## EXERCISE
In the material below, find the line that contains "Jeremy Baseball Cap" and the line that contains "Siyah Vintage Uzun Abiye Elbise - Görsel 2", then write out exactly those two lines and everything between them.

- - - - - - -

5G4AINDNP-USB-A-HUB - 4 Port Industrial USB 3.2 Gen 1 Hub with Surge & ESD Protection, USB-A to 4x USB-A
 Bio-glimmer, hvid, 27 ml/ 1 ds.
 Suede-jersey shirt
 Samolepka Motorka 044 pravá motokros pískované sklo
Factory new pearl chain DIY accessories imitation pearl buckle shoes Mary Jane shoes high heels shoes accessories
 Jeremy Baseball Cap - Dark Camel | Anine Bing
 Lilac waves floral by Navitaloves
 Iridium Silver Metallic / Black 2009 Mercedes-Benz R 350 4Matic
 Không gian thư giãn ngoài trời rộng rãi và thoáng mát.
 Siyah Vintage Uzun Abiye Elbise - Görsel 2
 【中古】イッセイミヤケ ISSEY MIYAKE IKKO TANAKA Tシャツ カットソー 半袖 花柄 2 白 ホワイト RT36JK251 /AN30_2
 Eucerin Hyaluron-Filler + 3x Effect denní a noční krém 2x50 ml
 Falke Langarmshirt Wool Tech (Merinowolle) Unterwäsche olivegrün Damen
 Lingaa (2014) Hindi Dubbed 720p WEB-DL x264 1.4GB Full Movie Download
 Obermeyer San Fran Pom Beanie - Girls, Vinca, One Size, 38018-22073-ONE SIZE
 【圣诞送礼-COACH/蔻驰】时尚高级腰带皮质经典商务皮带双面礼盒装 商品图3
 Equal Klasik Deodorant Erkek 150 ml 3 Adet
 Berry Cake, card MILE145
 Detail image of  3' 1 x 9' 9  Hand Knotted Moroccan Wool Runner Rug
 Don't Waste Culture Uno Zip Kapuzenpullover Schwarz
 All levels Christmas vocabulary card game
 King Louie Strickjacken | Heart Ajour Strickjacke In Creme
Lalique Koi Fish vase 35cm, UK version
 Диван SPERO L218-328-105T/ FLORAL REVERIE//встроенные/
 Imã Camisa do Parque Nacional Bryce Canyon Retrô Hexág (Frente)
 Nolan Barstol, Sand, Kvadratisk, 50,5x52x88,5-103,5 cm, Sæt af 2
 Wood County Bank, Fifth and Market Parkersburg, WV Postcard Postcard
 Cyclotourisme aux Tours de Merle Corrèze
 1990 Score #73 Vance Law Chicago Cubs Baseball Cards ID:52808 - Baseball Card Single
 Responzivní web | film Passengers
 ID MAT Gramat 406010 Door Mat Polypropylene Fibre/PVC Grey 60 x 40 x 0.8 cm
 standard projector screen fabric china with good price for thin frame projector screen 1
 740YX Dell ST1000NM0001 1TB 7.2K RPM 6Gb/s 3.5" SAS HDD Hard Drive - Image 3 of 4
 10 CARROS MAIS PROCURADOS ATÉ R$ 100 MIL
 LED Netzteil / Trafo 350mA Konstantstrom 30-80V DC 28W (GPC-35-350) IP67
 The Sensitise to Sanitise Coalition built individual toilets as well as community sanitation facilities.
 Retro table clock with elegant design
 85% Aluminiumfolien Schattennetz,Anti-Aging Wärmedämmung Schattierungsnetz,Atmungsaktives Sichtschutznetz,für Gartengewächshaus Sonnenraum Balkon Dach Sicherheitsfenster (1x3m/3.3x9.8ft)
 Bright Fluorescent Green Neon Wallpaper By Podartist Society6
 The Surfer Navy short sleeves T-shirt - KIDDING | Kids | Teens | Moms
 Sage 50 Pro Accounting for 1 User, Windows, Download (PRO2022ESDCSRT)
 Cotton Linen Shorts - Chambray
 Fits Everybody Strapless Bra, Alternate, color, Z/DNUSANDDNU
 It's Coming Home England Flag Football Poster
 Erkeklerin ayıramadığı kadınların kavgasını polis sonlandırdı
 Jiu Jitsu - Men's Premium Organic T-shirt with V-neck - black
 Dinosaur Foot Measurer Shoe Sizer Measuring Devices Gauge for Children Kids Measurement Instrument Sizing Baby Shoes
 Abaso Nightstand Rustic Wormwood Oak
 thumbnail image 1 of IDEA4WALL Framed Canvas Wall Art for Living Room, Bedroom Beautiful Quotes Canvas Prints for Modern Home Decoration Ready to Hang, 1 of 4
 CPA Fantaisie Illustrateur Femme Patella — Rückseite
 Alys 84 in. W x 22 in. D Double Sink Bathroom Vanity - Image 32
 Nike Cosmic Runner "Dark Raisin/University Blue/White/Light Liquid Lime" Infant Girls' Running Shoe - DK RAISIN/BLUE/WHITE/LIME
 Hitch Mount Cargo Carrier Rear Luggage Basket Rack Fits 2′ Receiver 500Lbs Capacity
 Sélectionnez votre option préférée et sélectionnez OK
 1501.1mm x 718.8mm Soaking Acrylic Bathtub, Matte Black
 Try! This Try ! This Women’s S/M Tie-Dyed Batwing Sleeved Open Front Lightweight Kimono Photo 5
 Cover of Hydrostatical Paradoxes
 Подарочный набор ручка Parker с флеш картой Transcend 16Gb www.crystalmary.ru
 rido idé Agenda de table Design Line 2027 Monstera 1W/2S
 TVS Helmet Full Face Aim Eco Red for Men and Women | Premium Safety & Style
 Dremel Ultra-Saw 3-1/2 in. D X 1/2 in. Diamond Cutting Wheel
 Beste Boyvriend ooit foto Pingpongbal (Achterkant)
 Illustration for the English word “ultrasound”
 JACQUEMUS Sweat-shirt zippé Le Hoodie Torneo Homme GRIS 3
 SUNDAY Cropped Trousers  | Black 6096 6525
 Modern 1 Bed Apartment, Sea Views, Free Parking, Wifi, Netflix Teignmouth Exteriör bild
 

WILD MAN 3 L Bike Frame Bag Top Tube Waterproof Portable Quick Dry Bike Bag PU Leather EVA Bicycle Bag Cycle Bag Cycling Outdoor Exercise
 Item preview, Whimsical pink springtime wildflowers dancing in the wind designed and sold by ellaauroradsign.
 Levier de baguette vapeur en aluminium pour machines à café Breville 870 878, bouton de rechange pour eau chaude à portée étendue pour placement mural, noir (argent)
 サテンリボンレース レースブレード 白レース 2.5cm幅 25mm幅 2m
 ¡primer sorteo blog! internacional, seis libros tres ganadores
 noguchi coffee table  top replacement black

- - - - - - -

## TASK RESPONSE
 Jeremy Baseball Cap - Dark Camel | Anine Bing
 Lilac waves floral by Navitaloves
 Iridium Silver Metallic / Black 2009 Mercedes-Benz R 350 4Matic
 Không gian thư giãn ngoài trời rộng rãi và thoáng mát.
 Siyah Vintage Uzun Abiye Elbise - Görsel 2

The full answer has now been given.